Sieve 2SLS Instrumental Variable Estimation

The sieve based instrumental variable estimator SieveTSLS is based on a two-stage least squares estimation procedure. The user must specify the sieve basis for \(T\), \(X\) and \(Y\) (Hermite polynomial or a set of indicator functions), and the number of elements of the basis expansion to include. Formally, we now assume that we can write:

\[\begin{split}Y =~& \sum_{d=1}^{d^Y} \sum_{k=1}^{d^X} \beta^Y_{d,k} \psi_d(T) \rho_k(X) + \gamma (X,W) + \epsilon \\ T =~& \sum_{d=1}^{d^T} \sum_{k=1}^{d^X} \beta^T_{d,k} \phi_d(Z) \rho_k(X) + \delta (X,W) + u\end{split}\]

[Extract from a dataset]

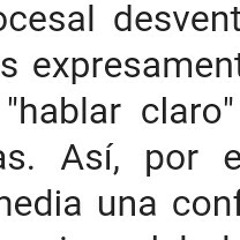 Clare Loqui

where \(\{\psi_d\}\) is the sieve basis for \(Y\) with degree \(d^Y\), \(\{\rho_k\}\) is the sieve basis for \(X\), with degree \(d^X\), \(\{\phi_d\}\) is the sieve basis for \(T\) with degree \(d^T\), \(Z\) are the instruments, \((X,W)\) is the horizontal concatenation of \(X\) and \(W\), and \(u\) and \(\varepsilon\) may be correlated. Each of the \(\psi_d\) is a function from \(\dim(T)\) into \(\mathbb{R}\), each of the \(\rho_k\) is a function from \(\dim(X)\) into \(\mathbb{R}\) and each of the \(\phi_d\) is a function from \(\dim(Z)\) into \(\mathbb{R}\).

Our goal is to estimate

\[\tau(\vec{t}_0, \vec{t}_1, \vec{x}) = \sum_{d=1}^{d^Y} \sum_{k=1}^{d^X} \beta^Y_{d,k} \rho_k(\vec{x}) \left(\psi_d(\vec{t_1}) - \psi_d(\vec{t_0})\right)\]

We do this by first estimating each of the functions \(\E[\psi_d(T)|X,Z,W]\) by linear projection of \(\psi_d(t_i)\) onto the features \(\{\phi_d(z_i) \rho_k(x_i) \}\) and \((x_i,w_i)\). We will then project \(y_i\) onto these estimated functions and \((x_i,w_i)\) again to arrive at an estimate \(\hat{\beta}^Y\) whose individual coefficients \(\beta^Y_{d,k}\) can be used to return our estimate of \(\tau\).